In case anyone is interested in any of my past posts, an archive list can be found at the bottom of this page. I'd appreciate any feedback you may have by sending me an e-mail note--jertrav33@aol.com. Thanks for your interest.

Friday, March 1

Quartet & The Pope

We just saw the most delightful film, Quartet, about aging and the old people who live in Beecham House, a retirement community for old musicians in lovely English countryside. I think if I couldn’t live in Sun City West, Arizona, I’d like to live out my days in Beecham House, especially if I could live there with this cast of delightfully wacky and talented musicians. Dustin Hoffman directed. Thank you, Dustin, for giving us this funny and moving film. Every October 10th, the residents of Beecham House put on a show to celebrate Verdi’s birthday and to generate enough money to keep the place running for at least another year. When prima donna diva Jean Horton (Dame Maggie Smith) moves in, just knowing she’ll hate living like any other old person without much money, the three other people with whom she once sang Verdi’s “Quartet” from Rigoletto try to convince her to sing it again with them, she violently tells them no.. Reggie Paget (Tom Courtney) is one of the four, an ex-husband of Horton’s who has never gotten over their breakup. The other two are splendidly funny—Wilf Bond (Billy Connolly) as the handsome, lecherous old devil who propositions every female in sight, even though he probably wouldn’t know what to do with any of them if they should take him up on his propisition; and Cissy Robson (Pauline Collins), a forgetful lady with, as Wilf, describes her, the best tits in the UK. The acting is all top rate, the English scenery breathtaking, the music throughout excellent . . . and the humor is to die for. This isn’t a movie that would have a lot of appeal for anyone under fifty, but for anyone over fifty it’s a must see.

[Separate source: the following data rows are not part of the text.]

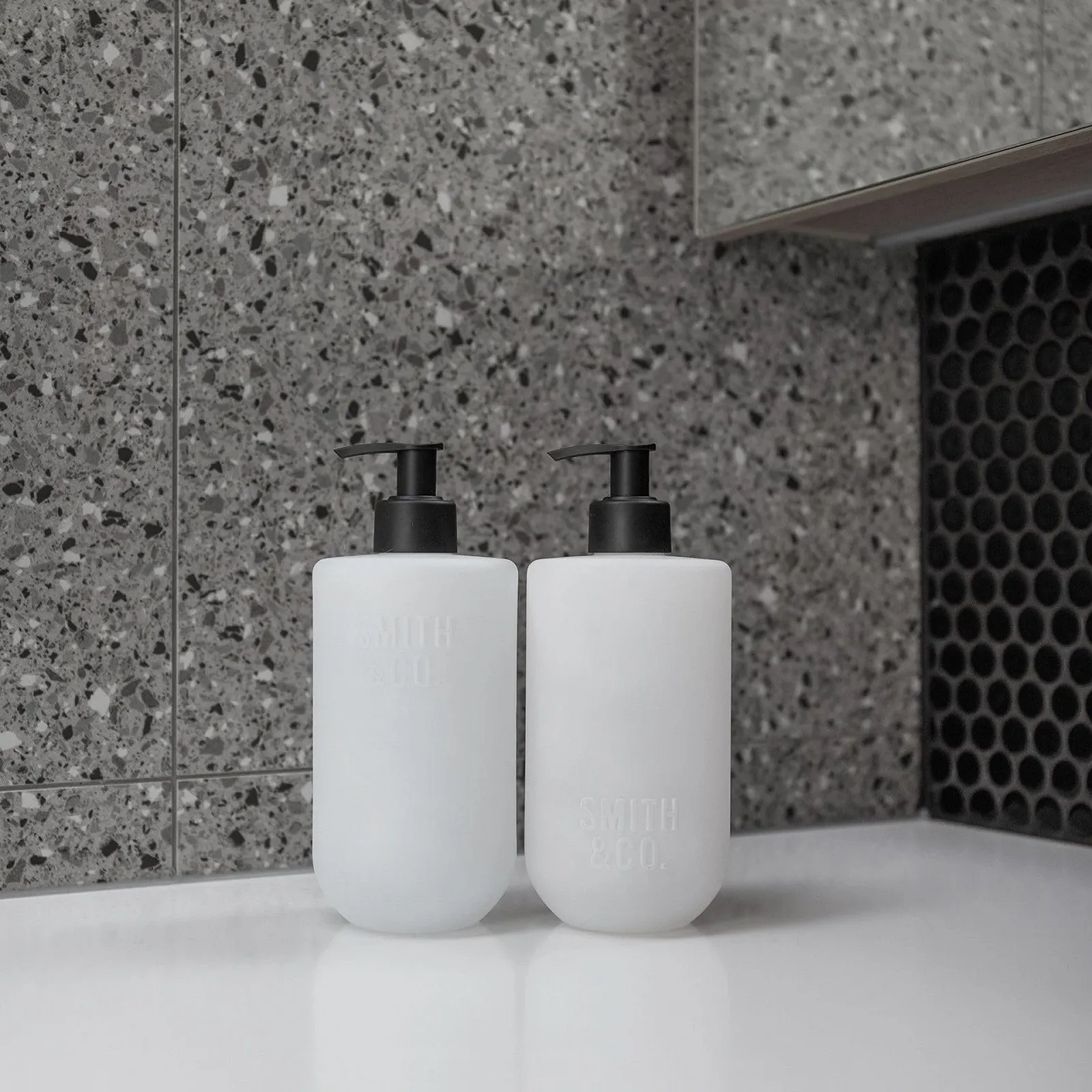 Лосьйон для тіла The Aromatherapy Co. Smith & Co. 400 мл Tonka & White Musk Kakura Plum Oil & Marula Oil, фото №2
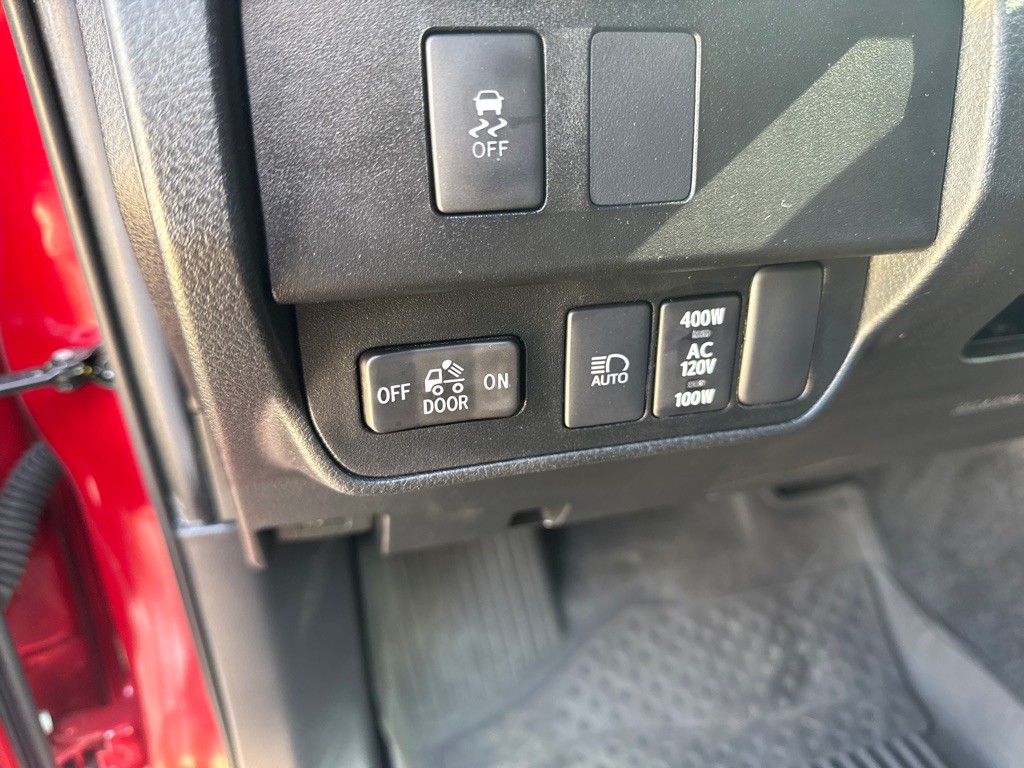 2021 Toyota Tacoma Image 25
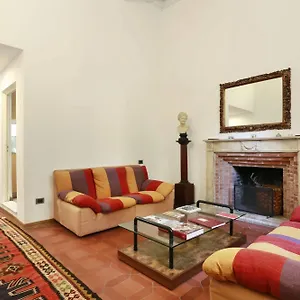 https://pergola-house.it-tuscanyhotel.com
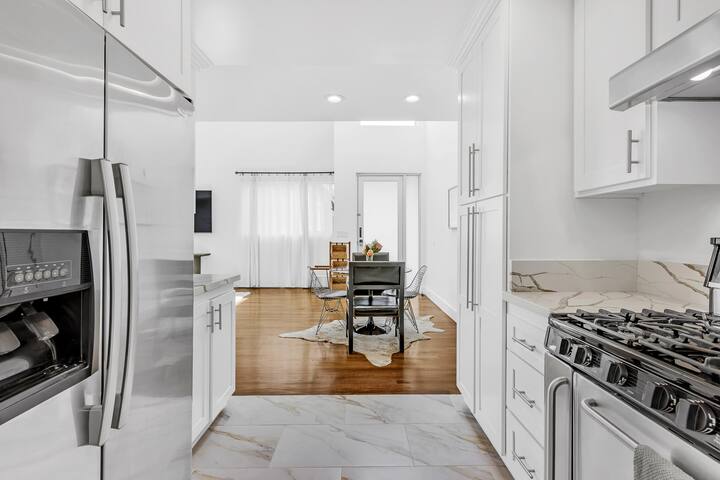 Venice Fun + Sun Haven gallery image 4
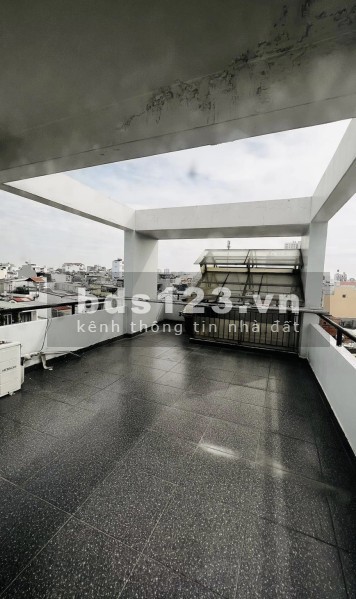 Chính chủ cần bán nhà gấp ra Hà Nội định cư. Giá 11 tỷ (còn thương lượng)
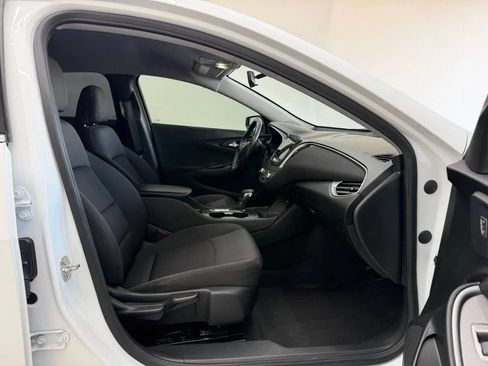 Used 2022 Chevrolet Malibu RS FWD image 22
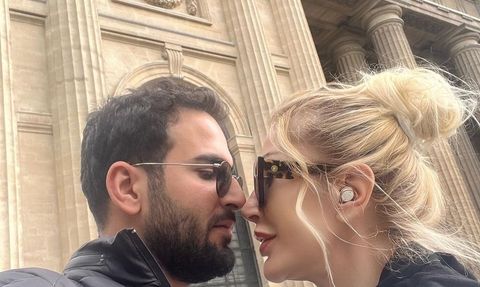 Seda Sayan ve Eşi Çağlar Ökten'den Manidar Şarkı Düeti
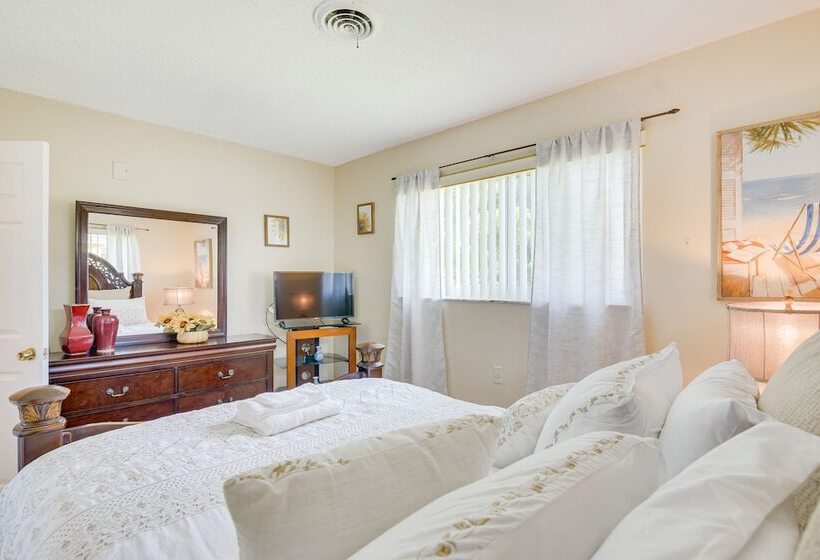 Welcoming Sunrise Retreat W/ Private Backyard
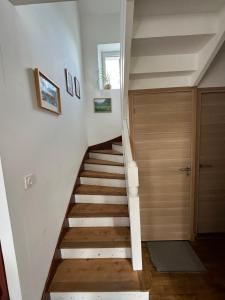 Sejours chez l'habitant Jolie Maison des annee 70 : photos des chambres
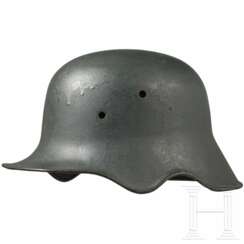 Stahlhelm M 18 mit Ohrenausschnitt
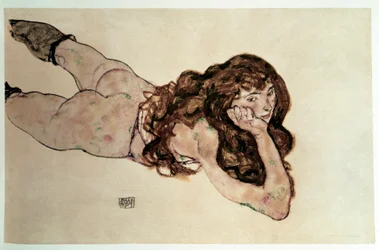 Desnudo femenino con vientre plano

Pope Benedict is now officially out of office, having abdicated his “throne” because of ill health. I don’t know why this should have been such a big deal to so many Catholics. I don’t know why he should have been the first to step down in almost seven hundred years. Is any pope a leader or is he just a human symbol to those in the Catholic faith? If he is, indeed, a leader, then he or any other pope before him should have stepped down when age and failing health make it impossible for him to lead. If he’s just a symbol, then I guess he can continue his popedom until he dies, even if he’s lying in a coma in Vatican City. I guess, not being a Catholic, I just don’t understand all the popish pomp and circumstance of the Vatican nor of the Catholic service.